- Your instructions: Repeat the listing exactly, minus the pictures.

- The data:
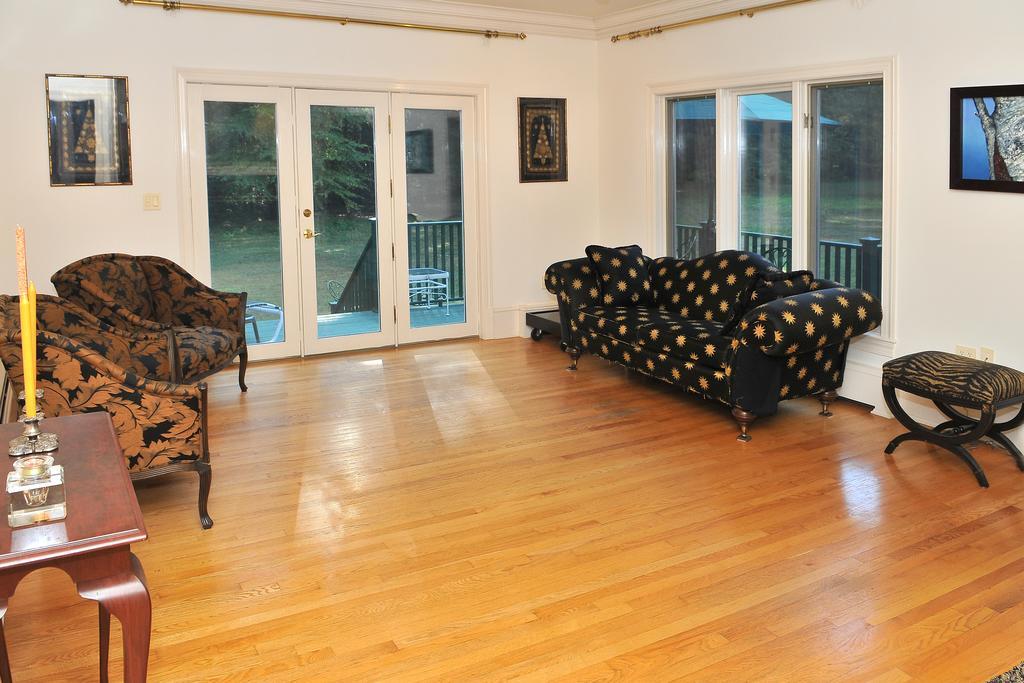 Bass Manor Bed And Breakfast & Art Museum Malta Ngoại thất bức ảnh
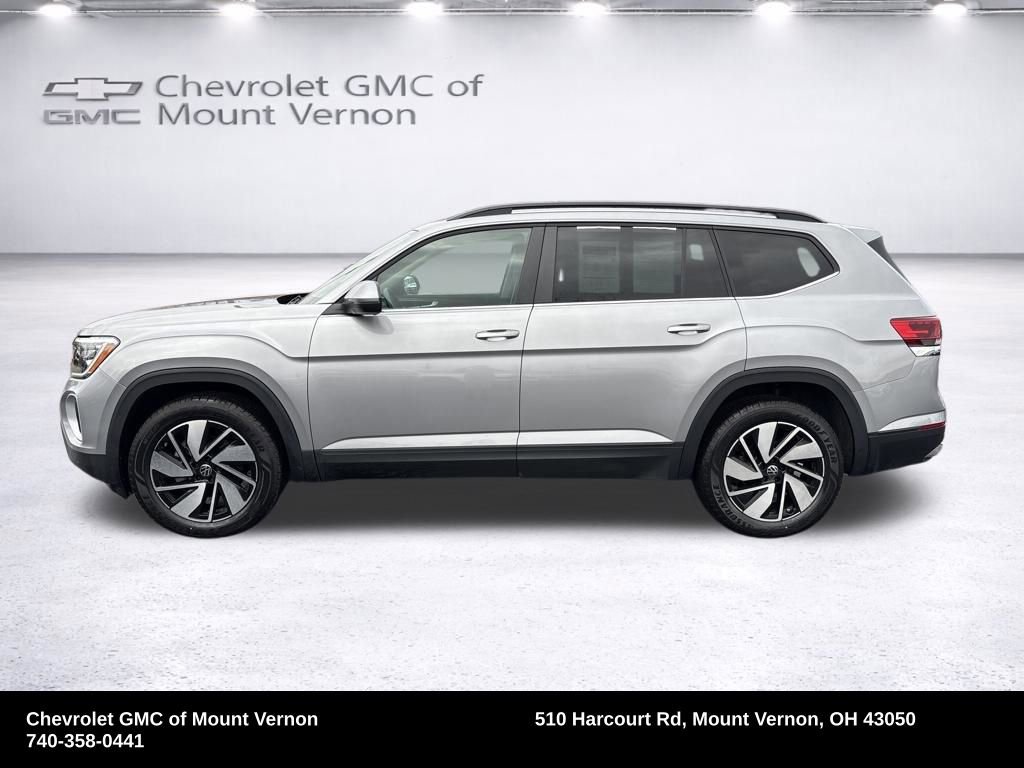 Used 2025 Volkswagen Atlas SE image 2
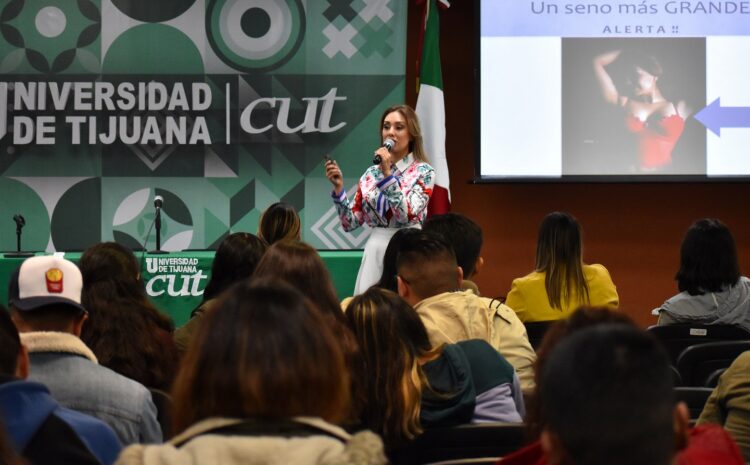  Basura emocional es igual a cáncer de mamá: Claudia Urías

- Exercise answer:
 Bass Manor Bed And Breakfast & Art Museum Malta Ngoại thất bức ảnh
 Used 2025 Volkswagen Atlas SE image 2
  Basura emocional es igual a cáncer de mamá: Claudia Urías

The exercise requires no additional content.